La presión fiscal asfixia al sector privado mientras la política y la justicia viven blindadas. ¿Quién sostiene este sistema?

En Tucumán, hacer las cosas bien sale caro. Si sos comerciante, profesional o pyme, ya lo sabés: cada factura, cada venta con tarjeta, cada ingreso a tu cuenta puede activar una trampa tributaria. El impuesto a los Ingresos Brutos es la primera soga al cuello: se paga por vender, no por ganar.
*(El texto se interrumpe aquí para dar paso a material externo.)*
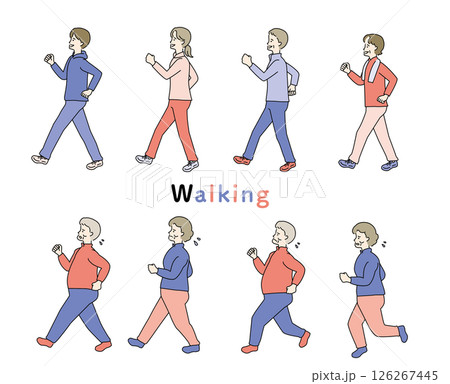 歩く人物のセット 歩く人物のセット 126267445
No importa si no tuviste utilidad: el fisco viene igual.
El absurdo continúa con los bancos y billeteras digitales, que descuentan de forma automática y discrecional, sin importar si estás al día o si siquiera te corresponde pagar. Entró dinero = te lo retienen. Luego viene la peregrinación por Rentas: turnos, formularios, validaciones. Todo para recuperar lo que nunca debieron sacarte.
¿El resultado? El comercio no puede ofrecer cuotas. Las ventas se estancan. Los precios se encarecen. La informalidad crece. El sistema castiga al que cumple y premia al que evade.
Y mientras tanto, ¿qué hace el Estado provincial? Nada. Mejor dicho: se agranda. La Legislatura tucumana tiene los legisladores más caros del país. El Poder Judicial cobra sueldos millonarios, mantiene privilegios, y no rinde cuentas. Hay más cargos que respuestas. Más asesores que sentencias. Más gasto que gestión.
El problema no es técnico: es político. No hay decisión de achicar el gasto. No hay reforma judicial. No hay voluntad de soltar los privilegios. El ajuste siempre va para el mismo lado: el que trabaja.
Tucumán necesita con urgencia una reforma fiscal profunda, pero también una reforma moral del Estado. Si no se termina con la cultura del privilegio, no hay rebaja de impuestos posible que salve esta economía.
El sector privado no puede seguir sosteniendo un Estado que lo asfixia.